*Task instructions*. Without the pictures, can you quote each line below exactly?

*Data block*.
####################

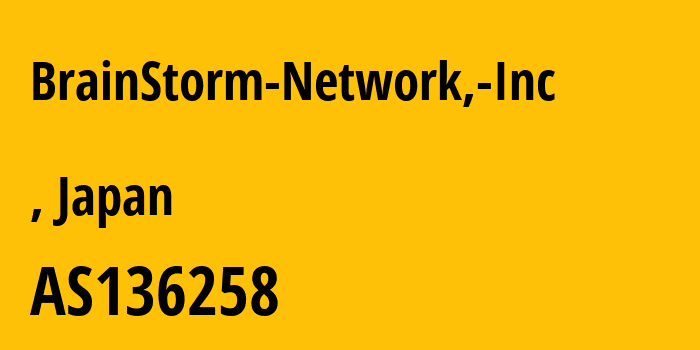 Информация о провайдере BrainStorm-Network,-Inc AS136258 BrainStorm Network, Inc: все IP-адреса, network, все айпи-подсети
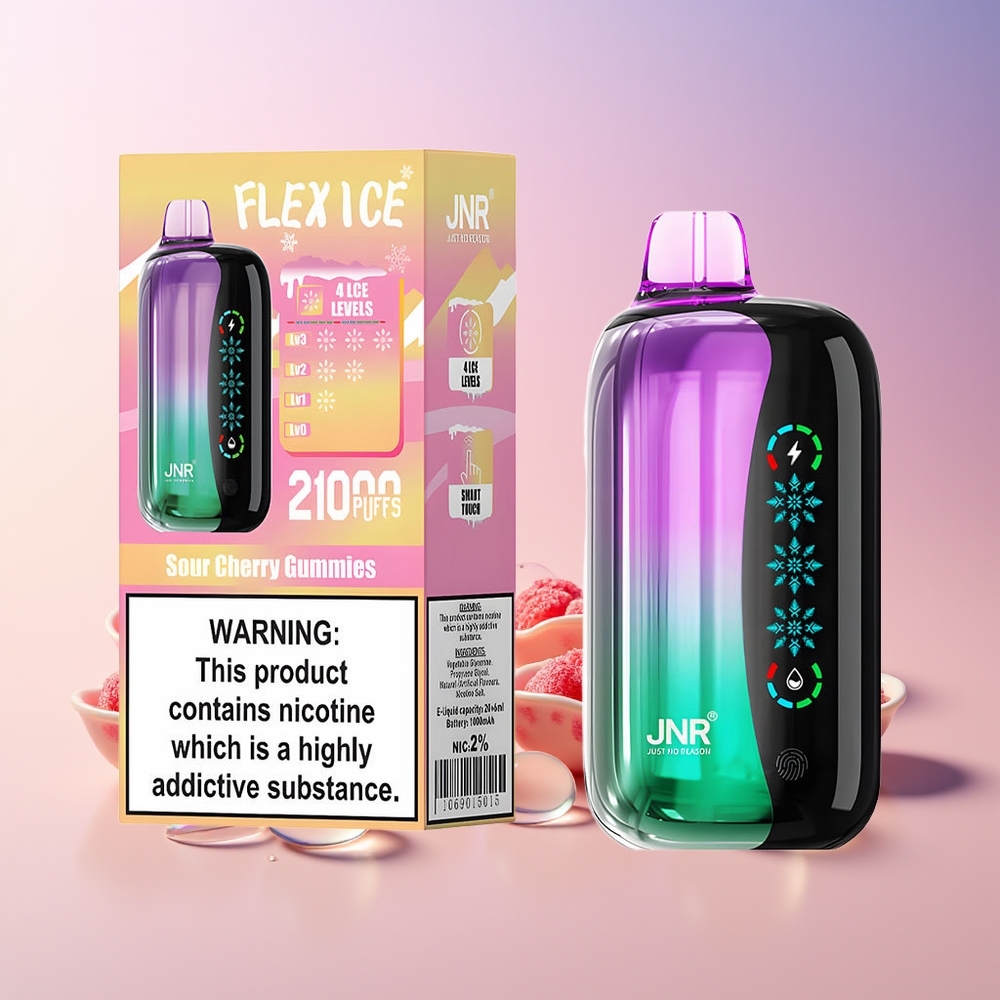 Finland tukku JNR Flex Ice 21000 Puffs 26ml Nestemäistä 1.2 Ohm Dual Mesh Hapankirsikkakarkit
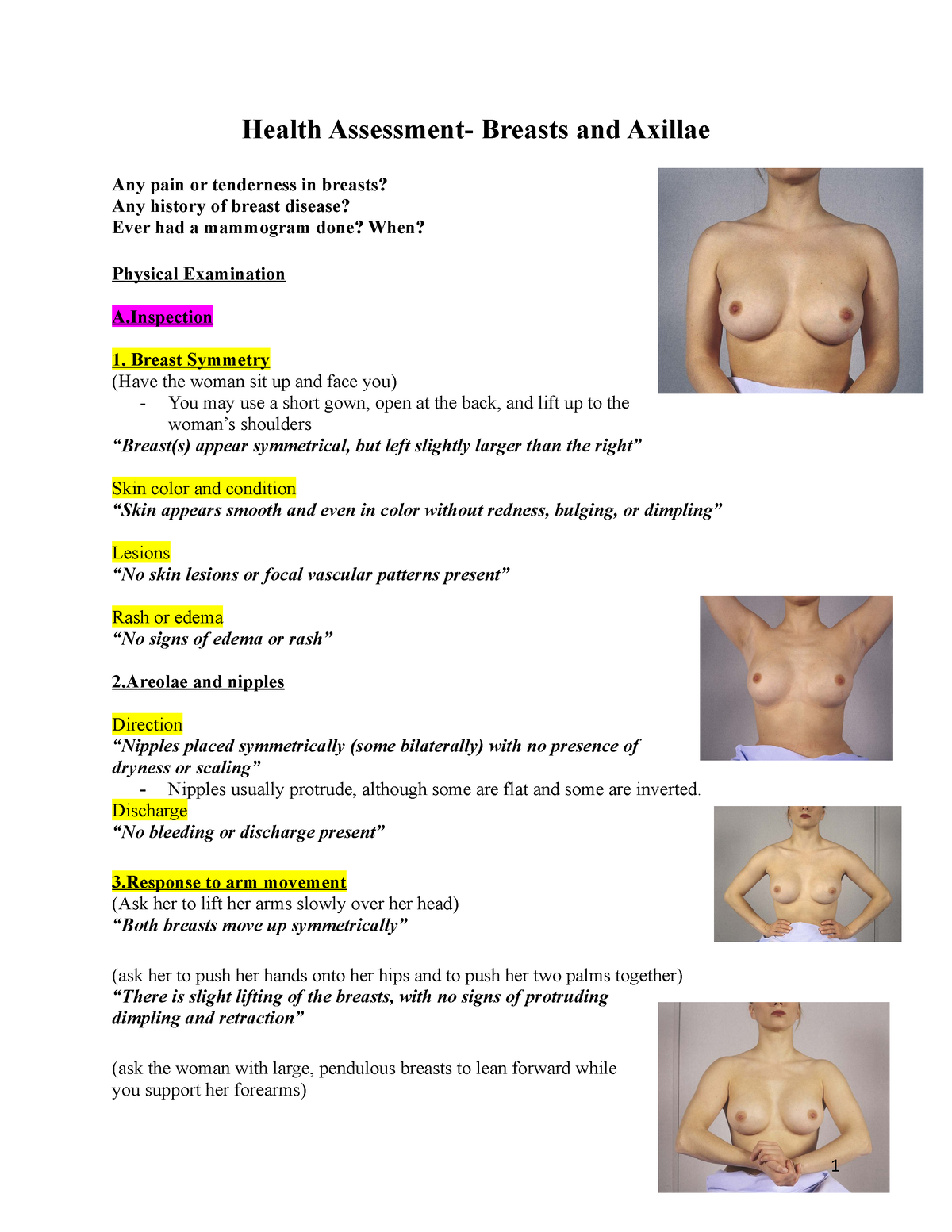 Breasts and Axillae Script - Health Assessment- Breasts and Axillae Any  pain or tenderness in - Studocu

####################

*Expected output*.
 Информация о провайдере BrainStorm-Network,-Inc AS136258 BrainStorm Network, Inc: все IP-адреса, network, все айпи-подсети
 Finland tukku JNR Flex Ice 21000 Puffs 26ml Nestemäistä 1.2 Ohm Dual Mesh Hapankirsikkakarkit
 Breasts and Axillae Script - Health Assessment- Breasts and Axillae Any  pain or tenderness in - Studocu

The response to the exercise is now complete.